Narendra Modi: Der neue starke Mann spaltet Indien

Auf dem künftigen Premier Narendra Modi ruhen viele Hoffnungen. Er gilt aber auch als intolerant und autoritär.

Narendra Modi ist künftige indische Ministerpräsident. Er gehört der hindu-nationalistischen Partei BJP an.

Foto: AMIT DAVE

Neu Delhi. Indien ist zwar ein aufstrebendes Schwellenland — doch das reicht den Indern nicht. Denn kaum jemand auf dem riesigen Subkontinent hat den ganzen Tag Strom, die Straßen sind löchrig, Brunnen oft trocken und Jobs in der Industrie Mangelware. Ein Fünftel der 1,2 Milliarden Bürger lebt unter der absoluten Armutsgrenze, muss also auf dem Land mit umgerechnet weniger als 34 Cent am Tag auskommen. Dafür machen die meisten Inder die Kongresspartei verantwortlich, die Indien fast ununterbrochen seit der Unabhängigkeit regiert hat. Sie haben nun genug und deswegen den Wandel gewählt.

Der Wandel wird personifiziert durch Narendra Modi, dem Spitzenkandidaten der hindu-nationalistischen Partei BJP, die die Parlamentswahl gewann und die absolute Mehrheit errang. Zahlreiche Wähler waren zur Stimmabgabe für Modi bereit, obwohl kein anderer Politiker Indien so spaltet wie der Mann, der sich anschickt, der nächste Premierminister des Milliardenlandes zu werden.

Seine Anhänger sehen in dem 63-Jährigen einen effektiven Verwalter, der als Regierungschef in seinem Heimatstaat Gujarat die grassierende Korruption in den Griff bekommen und Investoren angelockt hat. Modis Gegner jedoch sehen in ihm einen intoleranten, autoritären Machtmenschen.
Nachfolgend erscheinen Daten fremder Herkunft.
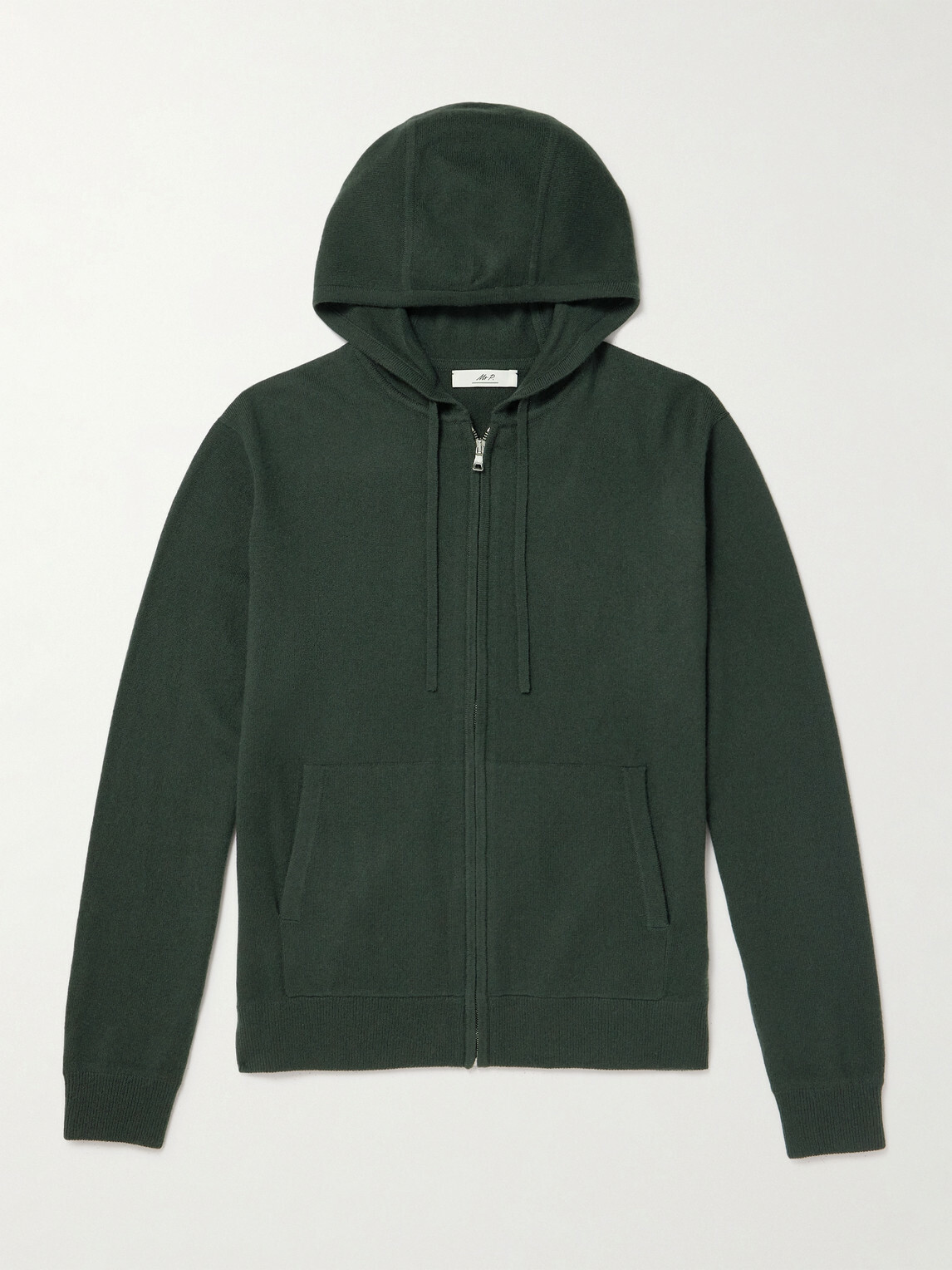 Mr P. - Wool and Cashmere-Blend Zip-Up Hoodie - Green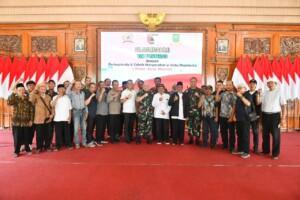 Dandim 0815 Dampingi Tim Pusterad Silaturahmi Bareng Forkopimda Hingga Tokoh Masyarakat Kota Mojokerto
Besonders die Muslime in Indien, die rund 15 Prozent der Bevölkerung ausmachen, zittern vor dem Hindu-Nationalisten. Unter seiner Regierung metzelten Hindu-Mobs mehr als 1000 Muslime nieder, vergewaltigten, verstümmelten und verbrannten sie. Politische Studien bewerten die Unruhen als „Pogrome“, weil sie staatlich gelenkt worden seien.

Gewählt wurde Modi unter anderem von zahlreichen jungen Indern — das Durchschnittsalter im Land liegt bei nur 27 Jahren. Sie hoffen, dass Modi die dringend benötigten Jobs in der Industrie schafft.

Viele erwarten, dass mit Modi an der Spitze das zuletzt eingebrochene Wirtschaftswachstum wieder Fahrt aufnimmt. „Der Verdienst des Modi-Sieges gilt eigentlich der Kongresspartei, denn im ganzen Land gibt es eine tiefe Abneigung dagegen, wie sie das Land regiert hat, vor allem in den vergangenen drei Jahren“, sagt der Politikjournalist Vinod Mehta. Da erlebte Indien katastrophal schlecht organisierte Commonwealth-Spiele, eine Finanzkrise und mehrere milliardenschwere Korruptionsskandale auf höchster Ebene.